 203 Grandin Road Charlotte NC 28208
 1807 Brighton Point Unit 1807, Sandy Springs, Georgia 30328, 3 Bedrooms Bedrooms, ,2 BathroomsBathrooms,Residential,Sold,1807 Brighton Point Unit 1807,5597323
========
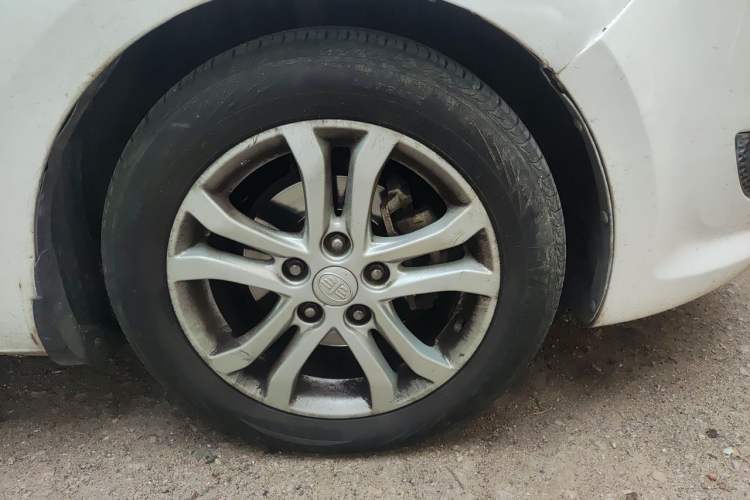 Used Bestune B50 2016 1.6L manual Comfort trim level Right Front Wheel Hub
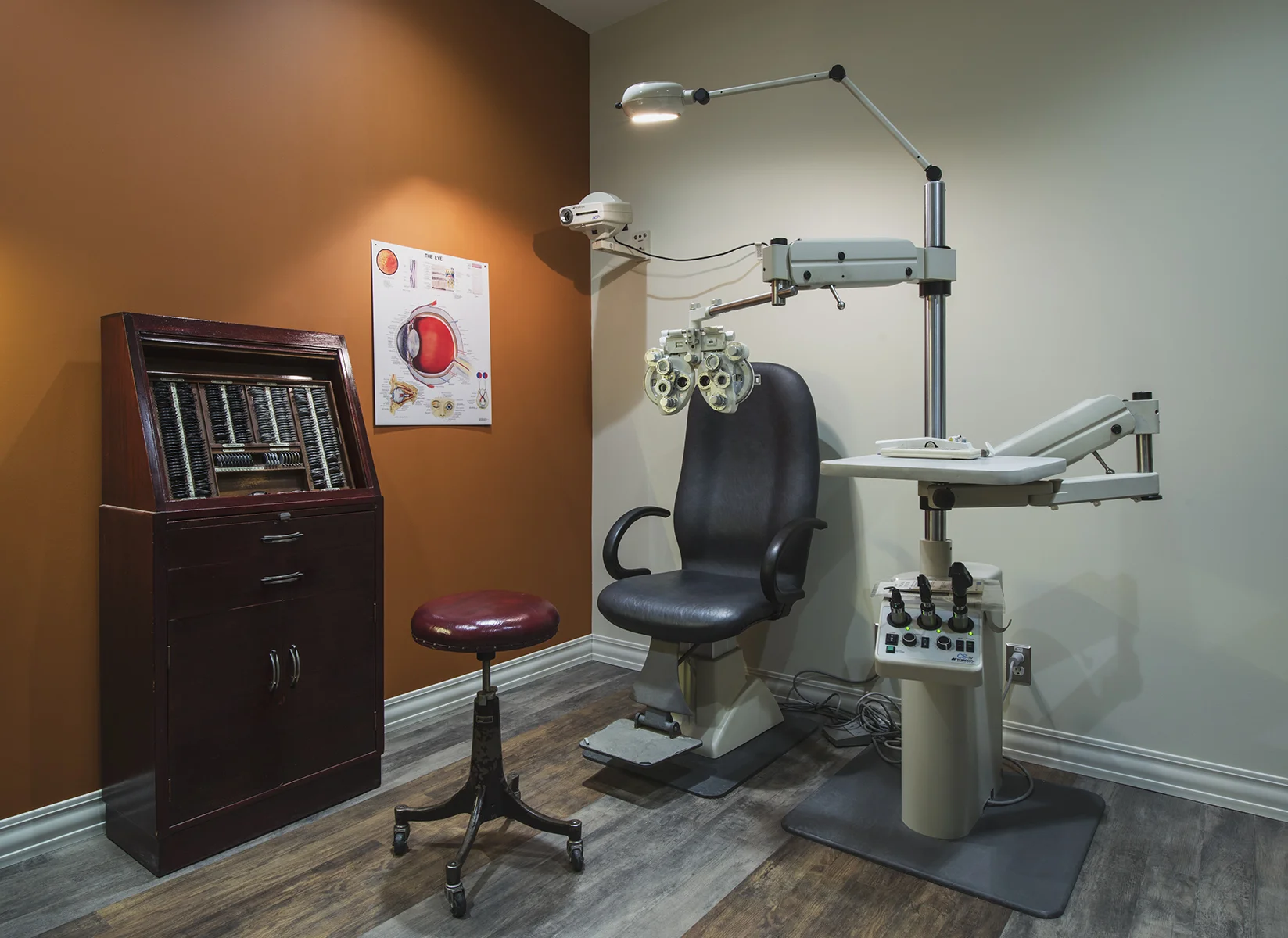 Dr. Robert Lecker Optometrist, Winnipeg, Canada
========
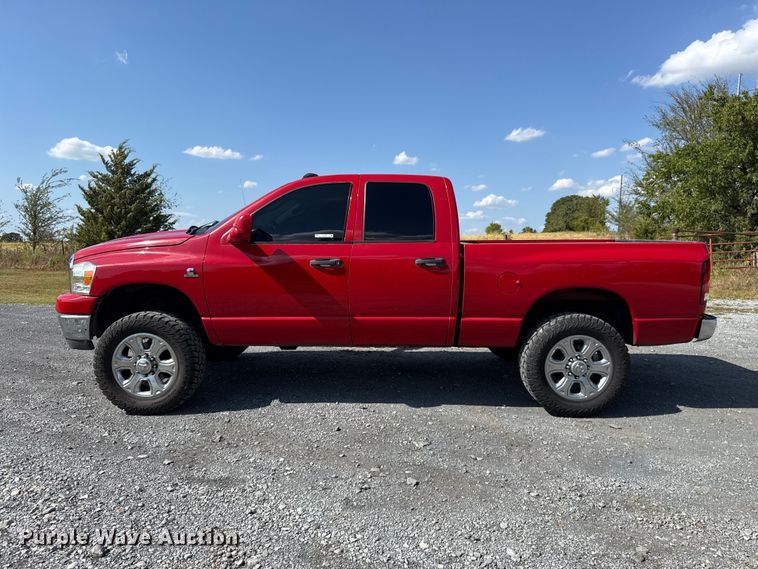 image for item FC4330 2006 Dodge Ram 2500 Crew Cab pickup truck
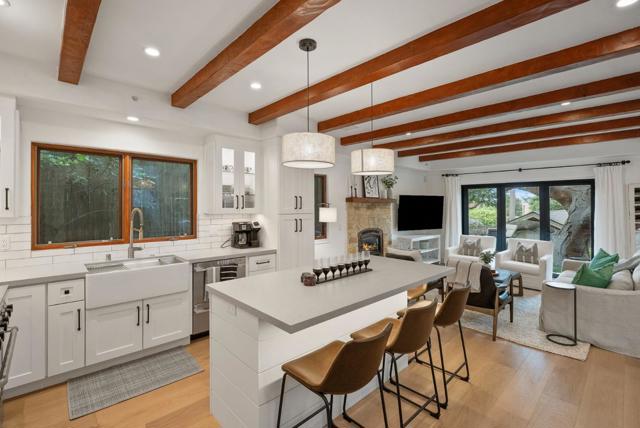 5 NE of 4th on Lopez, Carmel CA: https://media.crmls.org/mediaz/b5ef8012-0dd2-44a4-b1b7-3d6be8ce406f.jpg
========
● Assignment: Exact copy, pictures excluded: every line above from the one containing "Used Bestune B50" to the one containing "Dr. Robert Lecker", inclusive, and nothing more.

● Problem solution:
 Used Bestune B50 2016 1.6L manual Comfort trim level Right Front Wheel Hub
 Dr. Robert Lecker Optometrist, Winnipeg, Canada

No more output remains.